Hi all,
So I have a multi-level data, with individuals from different countries, over the period of 8 years. The individuals are not the same over the years. My dataset is also unbalanced, with all countries not having the same participation in all years.

I am running a probit, and i intend to control for the country and year fixed effects.

so my stata command is like:

probit preference age i.gender i.educlevel i.YEAR i.COUNTRY, vce(robust)

since my data is two level, i have read that using probit should be fine?

but to take account of the clustering i should include vce(cluster COUNTRY) as my standard errors.

so i alternatively tried:

probit preference age i.gender i.educlevel i.YEAR i.COUNTRY, vce(cluster COUNTRY)

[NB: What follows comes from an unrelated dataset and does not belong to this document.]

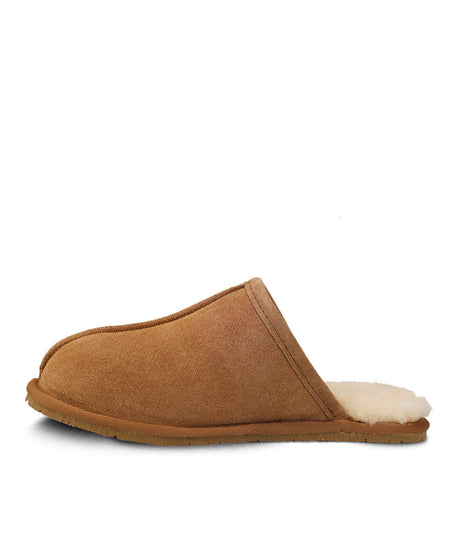 Men's UGG Cosy Slipper | Red Kado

However, upon doing this, my explanatory variables that were significant using the robust standard errors become insignificant with cluster.

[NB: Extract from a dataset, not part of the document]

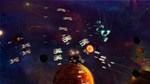 Stellaris Nexus - STEAM GIFT РОССИЯ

Can someone help me explain what is happening in these commands?

another thing to note is that the number of countries in my data is around 40.

In similar literature, i have come across authors saying that they included country and time dummies (which i am doing using i.) and also robust clustering around country.

Alternatively, I wanted to ask, what happens when instead of the first command, the following commands are used:

meprobit preference age i.gender i.educlevel i.YEAR i.COUNTRY, vce(robust)

meprobit preference age i.gender i.educlevel i.YEAR || COUNTRY:, vce(robust)


IS using -probit- with clustered standard errors doing the same thing as -meprobit- with vce(robust) [ since the stata manual says that in meprobit using vce robust is similar to what they do by clustering around the highest level which in this case is COUNTRY]?